DATA FOR REVIEW Start Marker

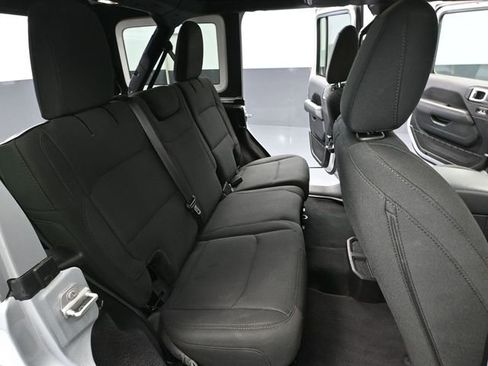 Used 2023 Jeep Wrangler Altitude image 42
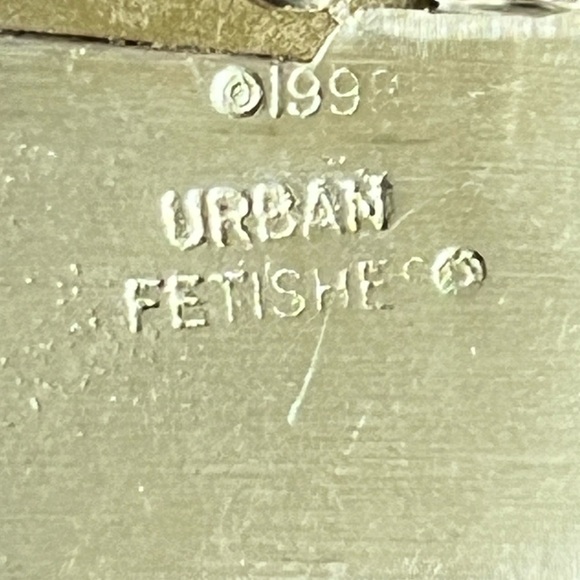 Urban Fetishes Brooch - Picture 6 of 10
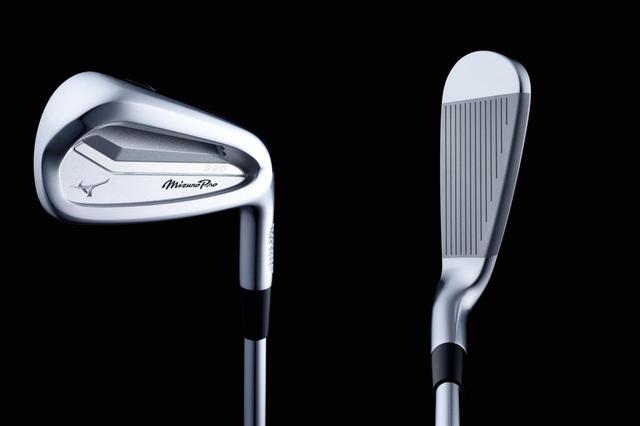 画像: Mizuno Pro 920はダブルポケットキャビティ構造でやさしく飛ばせる軟鉄鍛造アイアン。適度なグースネックで、つかまりも非常にいい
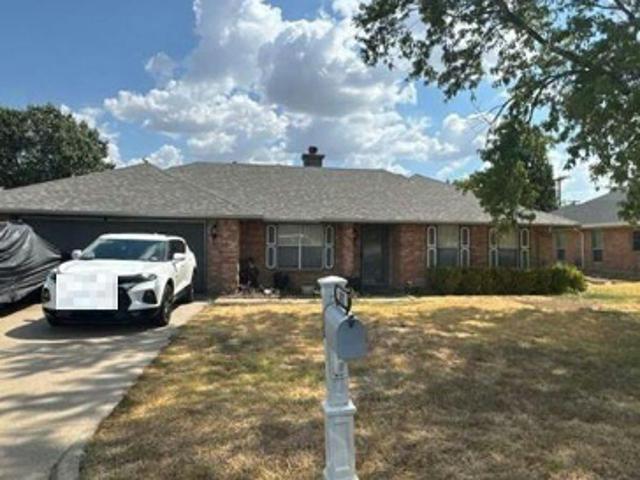 House for sale in Ellis, Texas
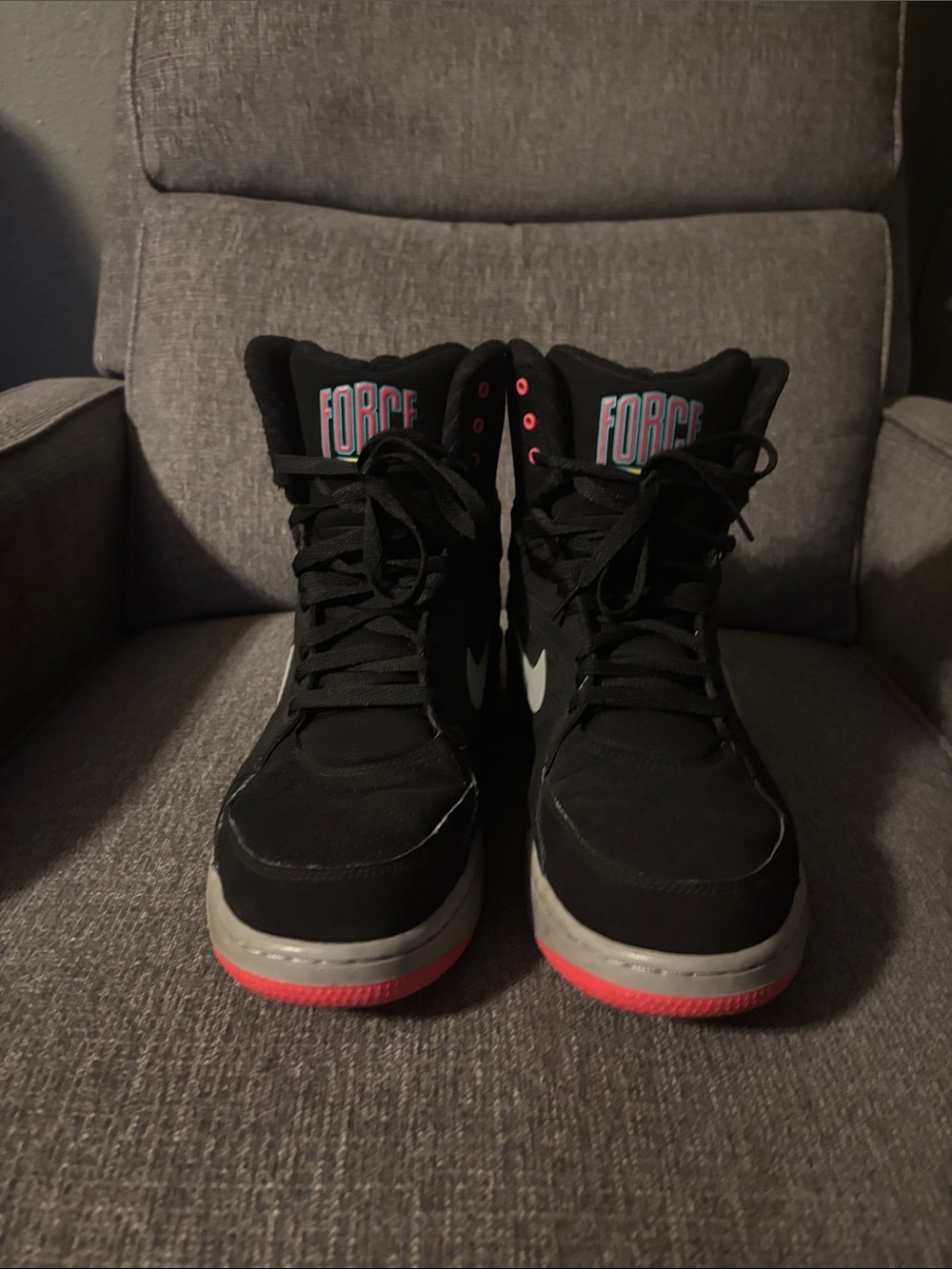 Command force men’s sneaker 11.5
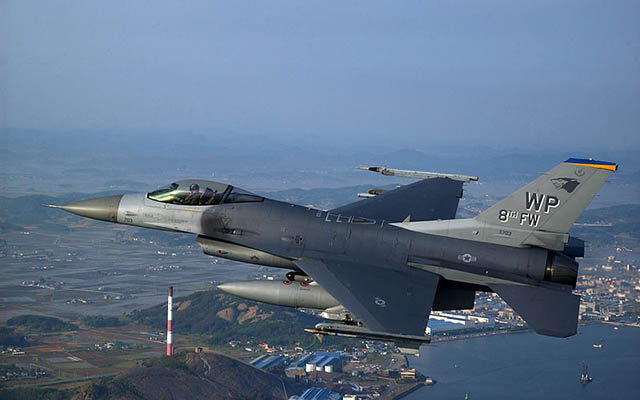 Jet Tempur F-16 AS Terpaksa Buang Tangki Bahan Bakar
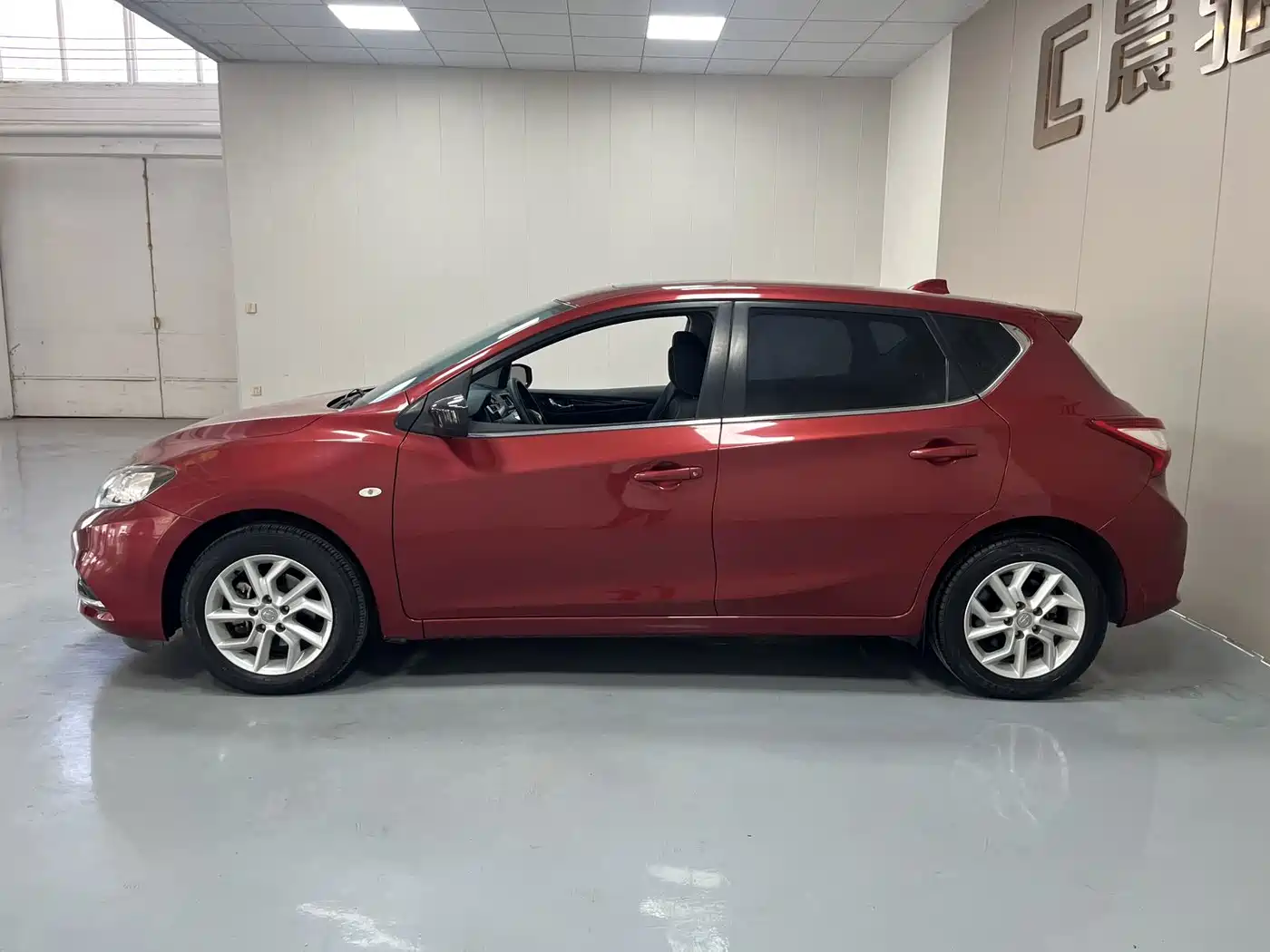 Nissan Tiida 2023 2021 1.6L CVT Cool Edition
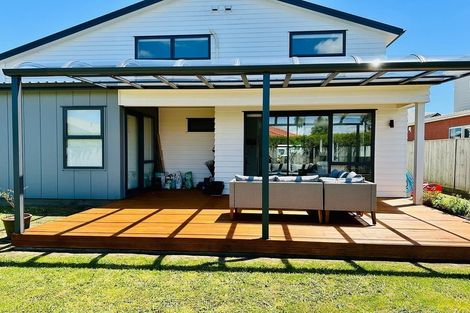 Photo of property in 54 Waituarua Drive, Takanini, 2112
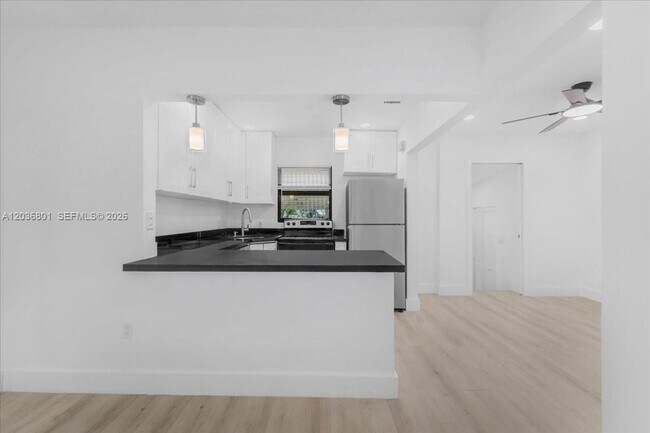 Building Photo - 5220 SW 6th St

DATA FOR REVIEW End Marker

GOAL OF THE EXERCISE:
Repeat every line of the data exactly, but do not include pictures.

ANSWER BOX:
 Used 2023 Jeep Wrangler Altitude image 42
 Urban Fetishes Brooch - Picture 6 of 10
 画像: Mizuno Pro 920はダブルポケットキャビティ構造でやさしく飛ばせる軟鉄鍛造アイアン。適度なグースネックで、つかまりも非常にいい
 House for sale in Ellis, Texas
 Command force men’s sneaker 11.5
 Jet Tempur F-16 AS Terpaksa Buang Tangki Bahan Bakar
 Nissan Tiida 2023 2021 1.6L CVT Cool Edition
 Photo of property in 54 Waituarua Drive, Takanini, 2112
 Building Photo - 5220 SW 6th St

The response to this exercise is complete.